(The task)
Your answer must be only the lines below from the one containing "Boîte de rangement" through the one containing "SUNSTAR ZĘBATKA TYLNA", copied exactly, with the pictures left out.

(Short descriptive text snippets)
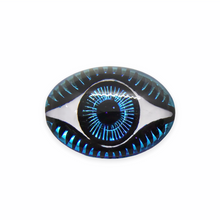 Load image into Gallery viewer, Czech glass evil eye oval flatback cabochon stone Bermuda blue 18x13mm 1pc-Orange Grove Beads
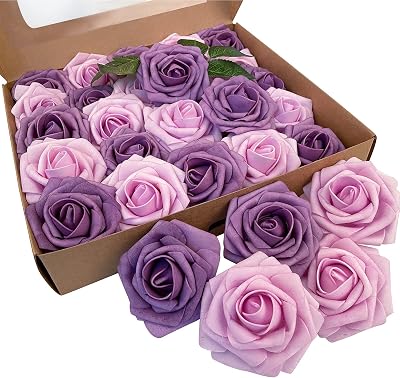 Mellamo Artificial Flowers Fake Roses Dusty Purple Rose 25pcs Foam Lilac Flower Valentines Day for Wedding Bouquets Baby Shower Party Centerpieces Flower Arrangements Decor25 PCS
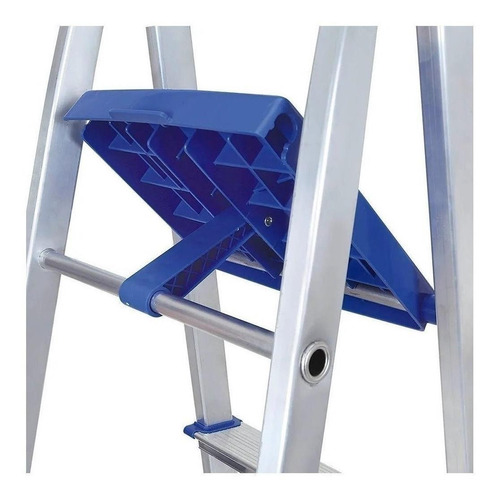 Escalera de aluminio tijera Mor 5106 plateado/azul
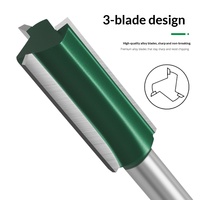 Fresa de cuchilla recta de tres hojas con vástago de 1/4, verde, para máquina de fresado, con filo de corte y base plana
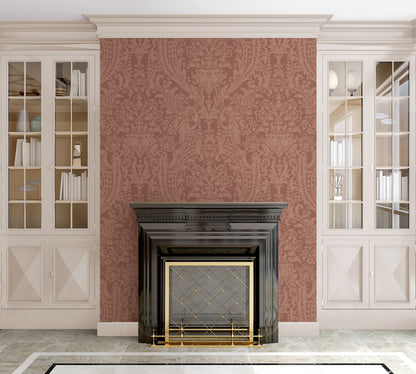 Grand Damask Burnt Orange Wallpaper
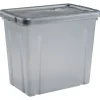 Boîte de rangement en plastique gris fumée 8,8L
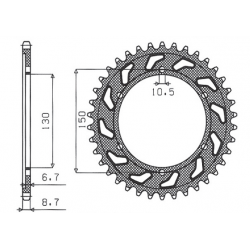 SUNSTAR ZĘBATKA TYLNA 860 38 YAMAHA XJR 1200/1300 95-01 (JTR859.38) (ŁAŃC. 530) (86038JT)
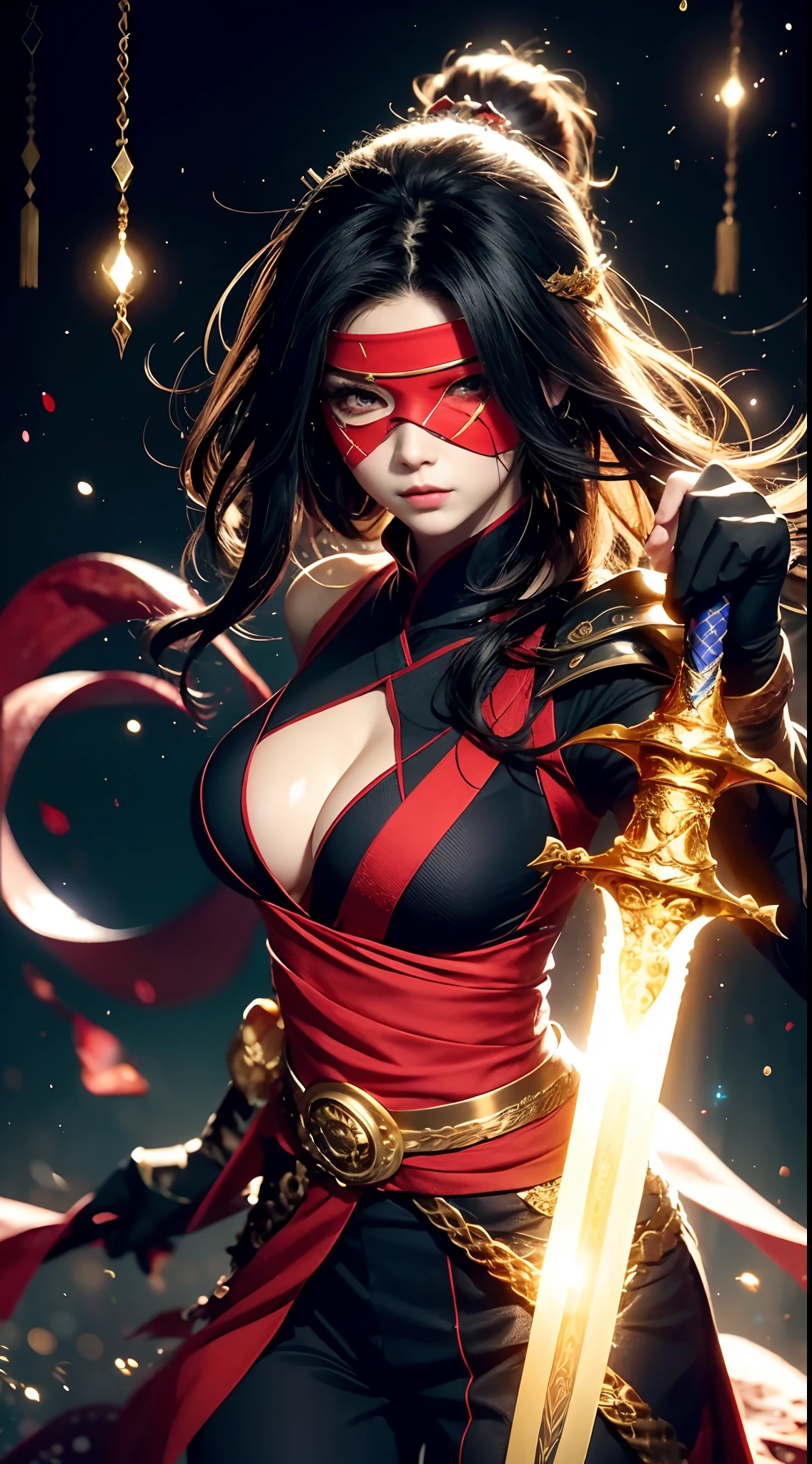 Female ninja,Gold eye patch,red color Hanfu,Wire elbow sheath,Dance with the glittering sword,Jump status,blasts,tentaculata,ultra hd photo。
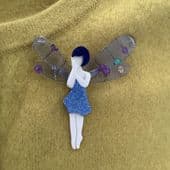 SOLD  A Blue Dragonfly Fairy Brooch by Lea Stein - Magical Fairy Pin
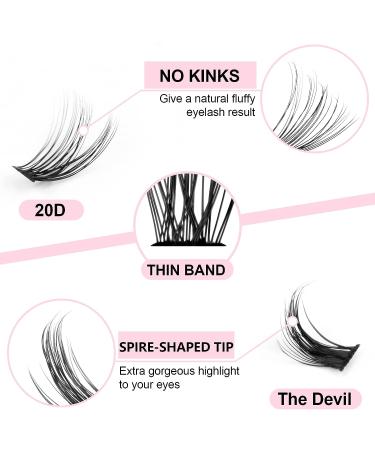Kugge Cluster Lashes DIY Kit - 240Pcs D Curl Individual Lashes 8-16mm Mixed Length for 3D Natural Wispy Extensions at Home - Buy Online on GoSupps.com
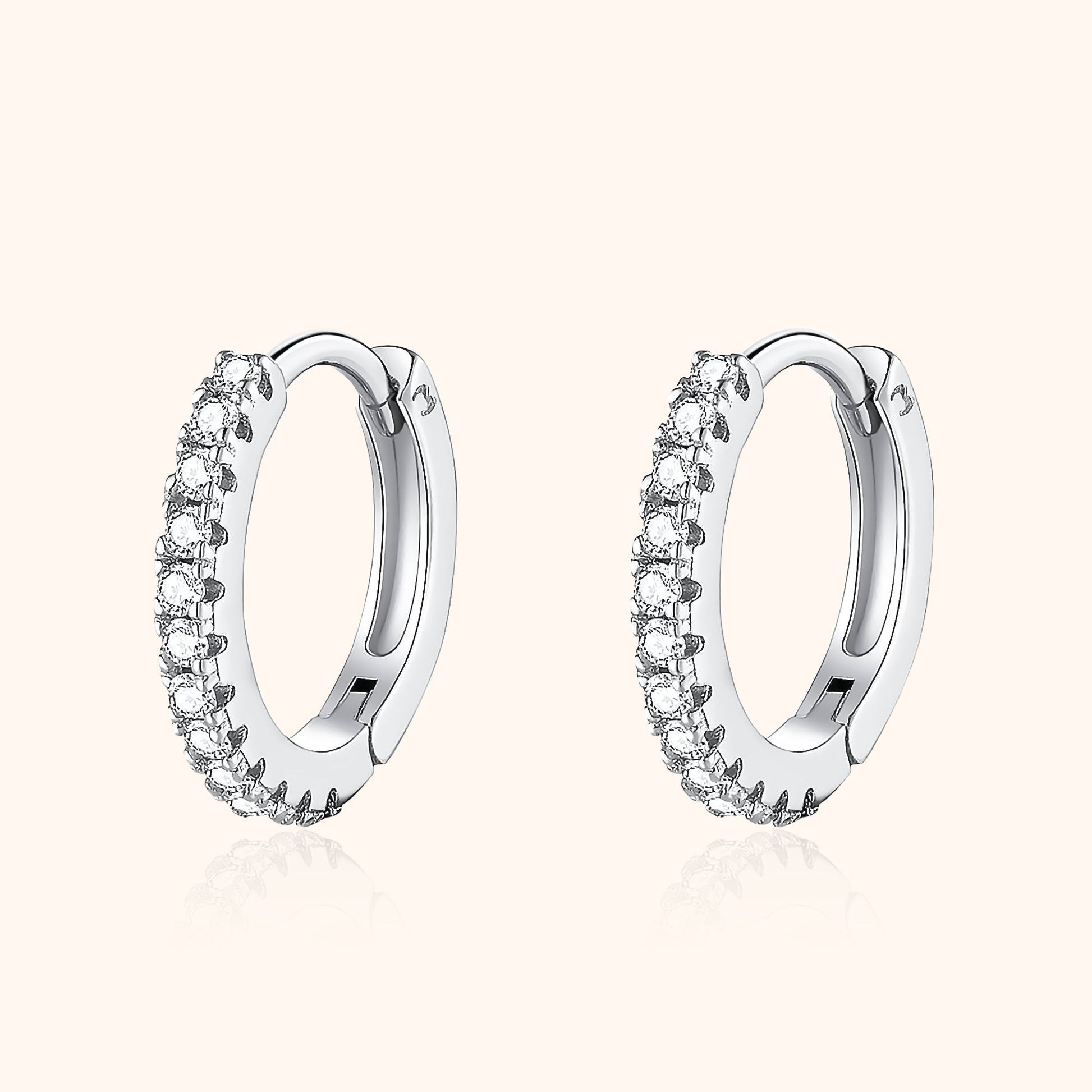 Stylish Zirconia Hoops - Aurina-Silver-Nora Luxe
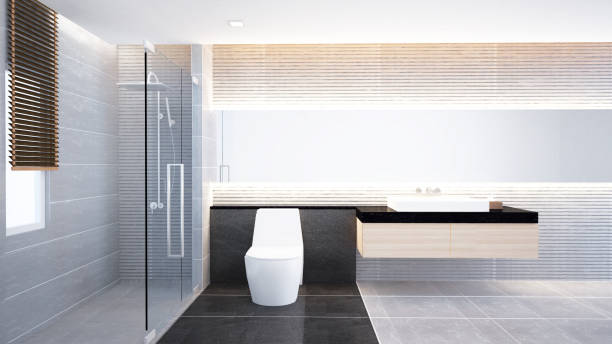 istock bathroom interior with a shower toilet and a sink 1351289990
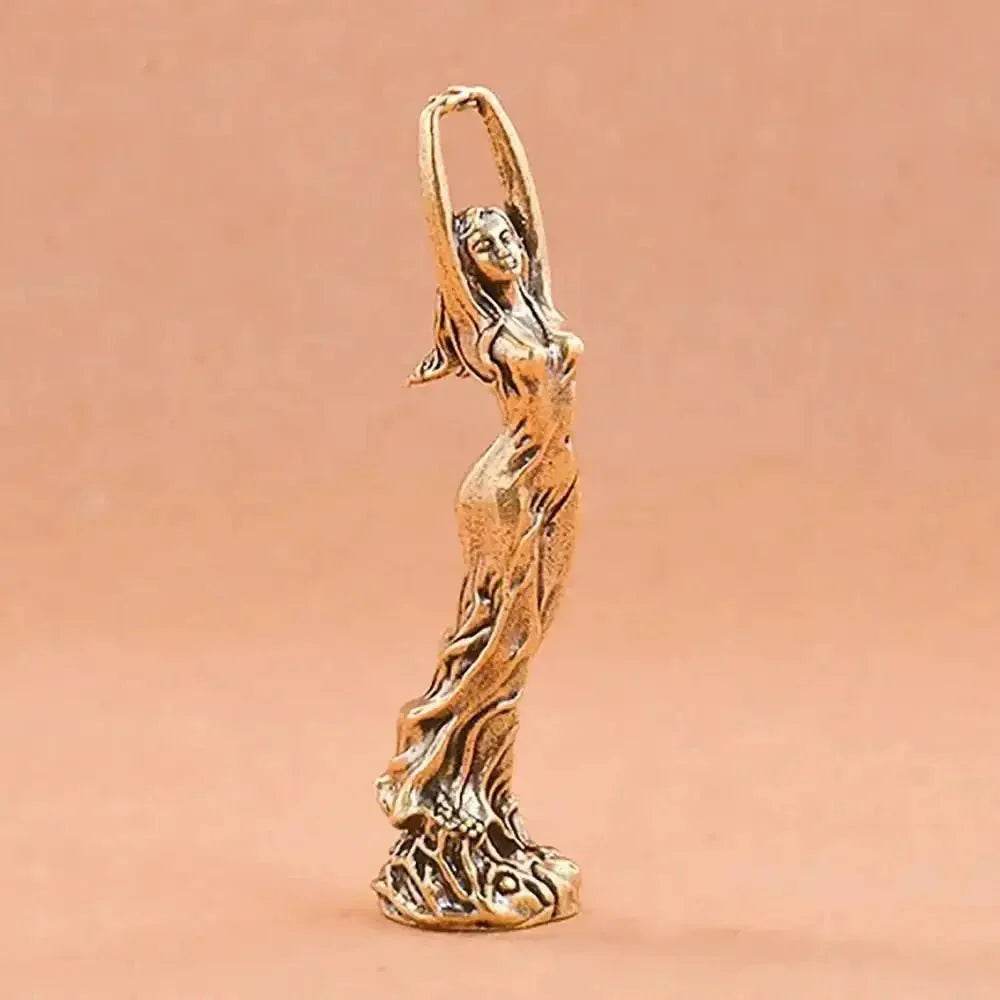 Brass Statue Angelic Woman Stretch in Wind Elegant Metal Art Feng Shui Wealth Statue Love Amulet Souvenir - Loton Decor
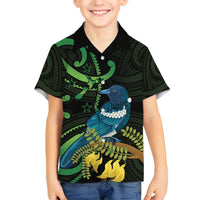 New Zealand Tui Bird Hawaiian Shirt Aotearoa Maori With Kowhai Flowers LT14 - Polynesian Pride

(Finished task)
 Boîte de rangement en plastique gris fumée 8,8L
 SUNSTAR ZĘBATKA TYLNA 860 38 YAMAHA XJR 1200/1300 95-01 (JTR859.38) (ŁAŃC. 530) (86038JT)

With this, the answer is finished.